Without an ontology, the knowledge graph remains simple and loosely structured. With one, it becomes rich, queryable, and compliant.

Inspect Lettria's CSRD Ontology

Lettria's ontology_csrd.ttl ontology models the sustainability reporting domain. It was automatically generated using our Ontology Toolkit solution.
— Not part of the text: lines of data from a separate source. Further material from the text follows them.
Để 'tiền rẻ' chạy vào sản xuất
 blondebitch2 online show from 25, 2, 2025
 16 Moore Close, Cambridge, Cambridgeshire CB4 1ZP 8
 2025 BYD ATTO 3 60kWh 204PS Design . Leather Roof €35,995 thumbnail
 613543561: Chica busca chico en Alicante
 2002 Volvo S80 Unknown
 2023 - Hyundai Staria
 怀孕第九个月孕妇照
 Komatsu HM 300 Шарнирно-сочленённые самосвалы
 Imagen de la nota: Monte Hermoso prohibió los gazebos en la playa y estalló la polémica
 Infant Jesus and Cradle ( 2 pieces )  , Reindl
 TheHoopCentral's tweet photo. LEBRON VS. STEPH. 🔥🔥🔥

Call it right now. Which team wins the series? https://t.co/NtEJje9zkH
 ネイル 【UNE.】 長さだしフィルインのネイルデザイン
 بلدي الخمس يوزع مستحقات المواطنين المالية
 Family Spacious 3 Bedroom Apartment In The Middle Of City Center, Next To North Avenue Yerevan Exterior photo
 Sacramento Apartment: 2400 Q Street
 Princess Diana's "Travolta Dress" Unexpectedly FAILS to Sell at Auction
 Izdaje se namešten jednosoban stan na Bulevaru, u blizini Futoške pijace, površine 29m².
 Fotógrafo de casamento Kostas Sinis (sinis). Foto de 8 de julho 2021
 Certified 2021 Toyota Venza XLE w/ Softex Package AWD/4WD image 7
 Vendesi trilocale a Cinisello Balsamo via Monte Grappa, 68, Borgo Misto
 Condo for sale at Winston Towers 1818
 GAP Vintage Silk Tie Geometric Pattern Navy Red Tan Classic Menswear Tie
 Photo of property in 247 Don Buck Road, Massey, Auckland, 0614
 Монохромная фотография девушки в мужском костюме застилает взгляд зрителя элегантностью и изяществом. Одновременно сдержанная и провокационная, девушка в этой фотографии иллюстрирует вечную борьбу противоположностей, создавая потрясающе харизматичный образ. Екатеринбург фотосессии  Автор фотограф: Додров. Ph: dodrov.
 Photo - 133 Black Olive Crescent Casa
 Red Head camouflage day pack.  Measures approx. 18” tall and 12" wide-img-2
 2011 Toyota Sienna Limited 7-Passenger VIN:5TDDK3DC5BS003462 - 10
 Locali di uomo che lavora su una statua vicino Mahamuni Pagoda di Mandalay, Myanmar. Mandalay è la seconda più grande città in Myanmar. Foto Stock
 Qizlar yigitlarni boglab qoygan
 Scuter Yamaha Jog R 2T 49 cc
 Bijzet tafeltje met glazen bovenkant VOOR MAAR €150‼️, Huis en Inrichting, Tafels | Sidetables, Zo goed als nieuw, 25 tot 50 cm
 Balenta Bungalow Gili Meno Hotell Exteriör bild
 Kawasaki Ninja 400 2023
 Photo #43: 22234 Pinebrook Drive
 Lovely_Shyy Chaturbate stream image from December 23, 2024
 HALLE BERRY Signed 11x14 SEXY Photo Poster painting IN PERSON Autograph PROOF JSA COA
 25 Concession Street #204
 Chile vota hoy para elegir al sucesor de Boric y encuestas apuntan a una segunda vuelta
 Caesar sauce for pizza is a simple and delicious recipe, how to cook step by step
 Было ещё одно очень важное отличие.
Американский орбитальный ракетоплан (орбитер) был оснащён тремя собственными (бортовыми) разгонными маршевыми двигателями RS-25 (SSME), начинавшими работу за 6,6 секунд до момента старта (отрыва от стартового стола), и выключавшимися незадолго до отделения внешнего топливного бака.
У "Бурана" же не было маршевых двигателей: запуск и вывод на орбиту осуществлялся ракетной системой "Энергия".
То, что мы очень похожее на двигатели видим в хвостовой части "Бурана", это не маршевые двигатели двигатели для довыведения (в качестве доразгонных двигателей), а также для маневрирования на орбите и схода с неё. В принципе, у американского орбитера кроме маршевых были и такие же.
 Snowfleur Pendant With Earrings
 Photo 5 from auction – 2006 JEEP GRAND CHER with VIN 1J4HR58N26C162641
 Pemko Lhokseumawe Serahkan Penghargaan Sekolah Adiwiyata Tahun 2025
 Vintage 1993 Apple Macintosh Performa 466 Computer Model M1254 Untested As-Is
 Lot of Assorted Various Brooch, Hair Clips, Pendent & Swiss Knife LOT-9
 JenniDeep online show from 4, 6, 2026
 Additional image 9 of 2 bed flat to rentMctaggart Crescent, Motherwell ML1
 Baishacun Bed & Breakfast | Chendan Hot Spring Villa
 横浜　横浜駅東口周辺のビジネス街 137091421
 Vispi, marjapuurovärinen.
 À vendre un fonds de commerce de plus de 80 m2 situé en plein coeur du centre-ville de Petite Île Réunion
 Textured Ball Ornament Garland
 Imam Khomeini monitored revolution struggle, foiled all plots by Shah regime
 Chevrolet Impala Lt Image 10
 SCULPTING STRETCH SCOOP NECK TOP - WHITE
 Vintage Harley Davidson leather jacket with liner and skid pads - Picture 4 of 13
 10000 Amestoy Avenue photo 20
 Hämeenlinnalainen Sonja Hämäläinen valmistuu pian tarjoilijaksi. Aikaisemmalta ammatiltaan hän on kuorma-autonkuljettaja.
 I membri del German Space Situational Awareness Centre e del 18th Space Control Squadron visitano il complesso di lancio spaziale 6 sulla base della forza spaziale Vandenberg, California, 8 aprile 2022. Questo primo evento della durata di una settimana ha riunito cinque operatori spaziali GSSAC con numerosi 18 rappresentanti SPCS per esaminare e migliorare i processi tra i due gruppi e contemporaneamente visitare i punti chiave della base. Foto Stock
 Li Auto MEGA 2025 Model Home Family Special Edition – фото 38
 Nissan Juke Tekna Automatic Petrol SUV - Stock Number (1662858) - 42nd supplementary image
Find more ontologies on Lettria resources.

  • 400 classes covering all 3 ESG pillars (Environment, Social, Governance)
  • 160+ relationships to link entities together
  • OWL/Turtle format (.ttl) - compatible with Protégé.

Examples of ESRS E1 classes (Climate)

These classes will guide the extraction of climate data from unstructured reports:

Ontology ClassMaps to ESRSPurpose
GHGEmissionsMetricE1-6GHG emissions by scope (1, 2, 3)
CarbonIntensityMetricE1-5Carbon intensity per unit
Target, CommitmentE1-4Net-Zero and reduction targets
ClimateRiskE1-1Physical and transition risks

Examples of Relationships

hasMetric, hasTarget, hasCommitment, hasRisk Full ontology is available in assets/ontology_csrd.ttl


The Demonstration: Two Case Studies

We process two contrasting climate reports to extract data aligned with the ESRS E1 climate standard:

  1. 🏭 EcoSteel Industries: An annual sustainability report from a heavy-industry company with a detailed GHG inventory and decarbonization programs.
  2. ☁️ TechGreen Solutions: A forward-looking press release from a digital services company announcing a Net-Zero commitment.

From Text to Structured Graph: An Example

Here’s how a simple line from a report is transformed into a structured entity.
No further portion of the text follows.